El preparativo para cualquier eventualidad incluye el envío de oficiales de Fuerza Pública, ya que nuestro país no cuenta con fuerzas militares permanentes debido a lo dispuesto en el artículo 12 de la Constitución Política de la República de Costa Rica. Estos policías tomarían control de Isla Calero y zonas aledañas con el fin de mantener al margen a los militares nicaragüenses. Este despliegue policial por fuerza deberá tomar tintes militares, ya sea por la reaparición de la extinta Policía de Fronteras o un nuevo ente policial.

Algunos se preguntarán porque tomará por fuerza un tinte militar. Esto es debido a que es muy diferente la función civilista actual de la Fuerza Pública al de un ente militar como lo es un ejército y la situación en Isla Calero demanda el uso de un ente castrense, no para escalar el conflicto pero si para todos los aspectos logísticos y defensivos de la situación. Nuestros policías actualmente no están preparados para dicha labor y tampoco cuentan con el equipo para ello.

El despliegue inicial en 2010, cuando recién empezaba el conflicto, nos mostró imágenes de algunos policías de Costa Rica con uniformes camuflados y armas automáticas de diversos tipos, incluidas armas de soporte como ametralladoras ligeras, pero también se vieron las carencias (falta de equipamento como camuflaje), no había uso de armas estandarizado, no tenían magazines extras, no contaban con muchos equipos necesarios.

Este tipo de despliegue, ante la eventualidad de enviar policías, obliga al país a invertir en entrenamiento y equipo muy diferente al que ha estado habituado la Fuerza Pública, incluso en sus divisiones especiales.
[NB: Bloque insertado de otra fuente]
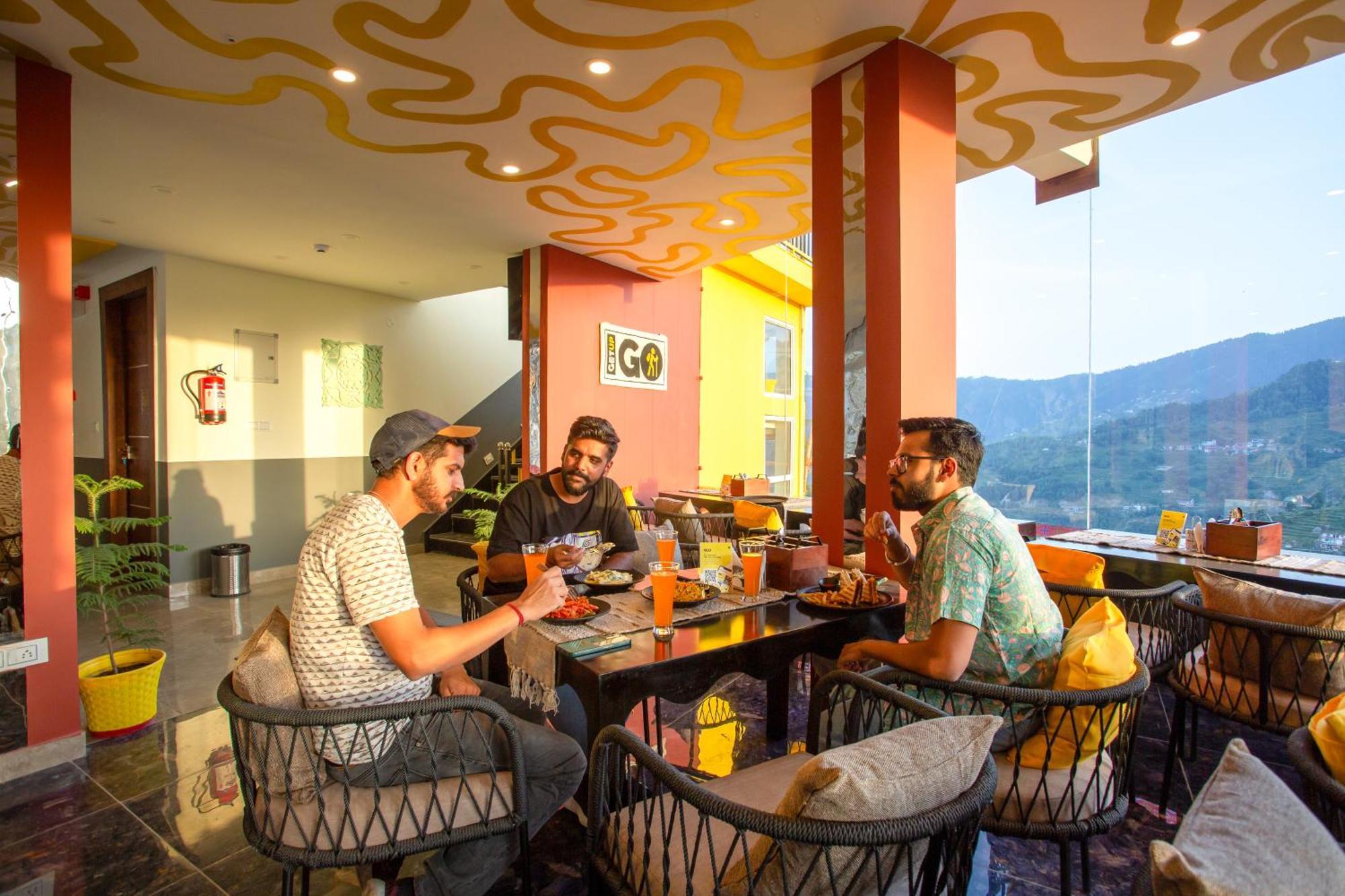 The Hosteller Khajjiar Buitenkant foto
Esto conllevaría a que se pierda esa connotación civilista que ha tenido hasta la fecha las fuerzas policiales nacionales.
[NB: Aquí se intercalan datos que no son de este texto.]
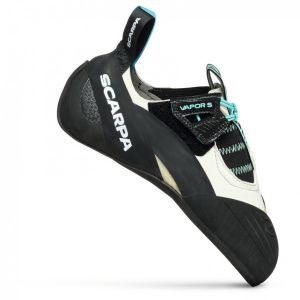 Prezzi Scarpa women\'s vapor s scarpette da arrampicata donna (38,5, nero/bianco)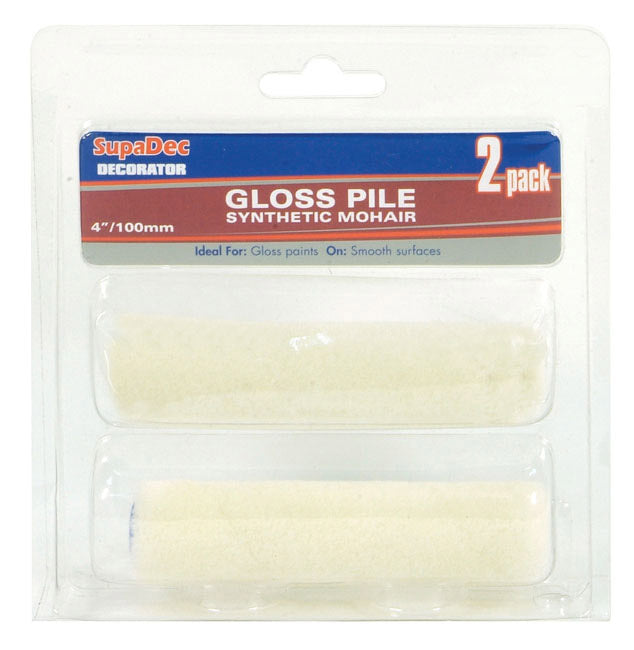 SupaDec Gloss Mini Rouleau Lot de 2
Un cambio en el modo de operar y de entrenamiento en las fuerzas policiales nos llevaría a una nueva problemática: una policía más militarizada pero tratando asuntos civiles. Ya hemos visto los resultados de una policía militarizada en otros países, de forma reciente en Estados Unidos luego de los atentados de la Maratón de Boston, todo el mundo pudo observar una policía recorriendo calle por calle con equipamientos prácticamente indistinguibles a los de un ejército.

El cambio no solo genera problemas en el ámbito civil si no que también en el ámbito militar y en el ámbito jurídico, ya que se supone que no poseemos fuerzas militares permanentes, pero el equipar a la fuerza pública con equipo militar podría crear una ambigüedad, en ese sentido a nivel constitucional a lo interno y a lo externo daría a entender que poseemos capacidades militares, lo cual enviaría una señal al resto de los países que estamos ingresando a la carrera armamentista latinoamericana.
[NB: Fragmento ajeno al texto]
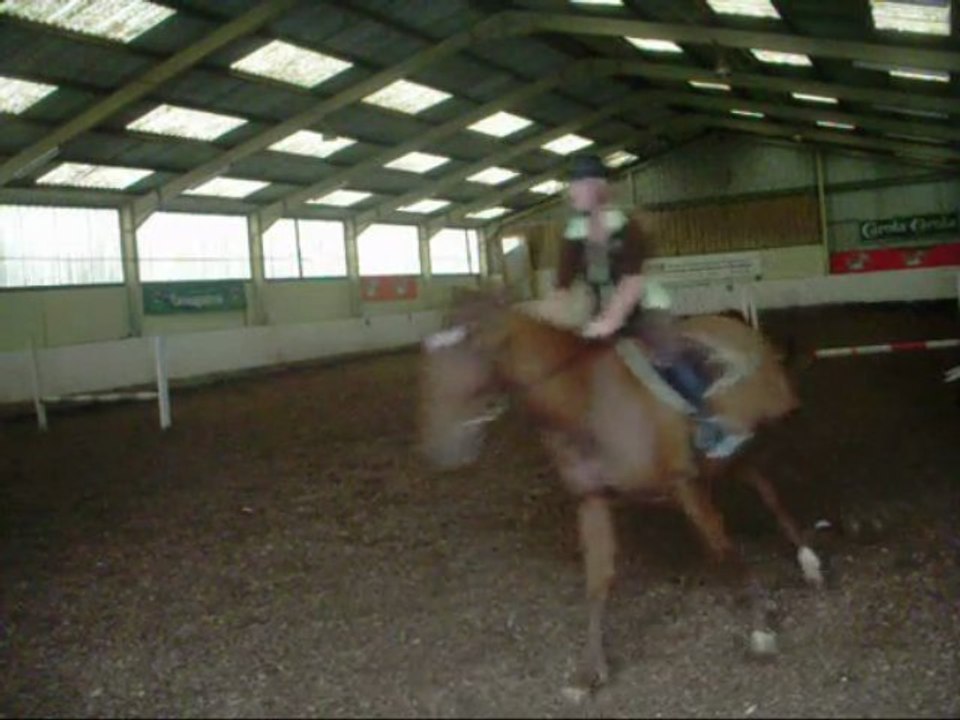 8 petits sauts enchaînés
Como resultado tendríamos una Fuerza Pública con una función mixta civil y militar, que no podría llevar a cabo ninguna de las dos labores, ya que su entrenamiento militar impondría problemas para el manejo de asuntos civiles y su ámbito civil no le permitiría operar con la eficacia y eficiencia esperada de un ejército en caso de un conflicto internacional, por lo que básicamente seguiríamos indefensos e incurriendo en un mayor gasto en una Fuerza Pública que no sería apta para ningún trabajo.

Para finalizar es necesario evaluar nuestras necesidades de seguridad y defensa para adoptar las mejores medidas para nuestro país. La militarización de la Fuerza Pública no es una opción pero tampoco podemos depender únicamente de la diplomacia y el Derecho Internacional, ya que están sujetos a que fallen o no den los resultados esperados.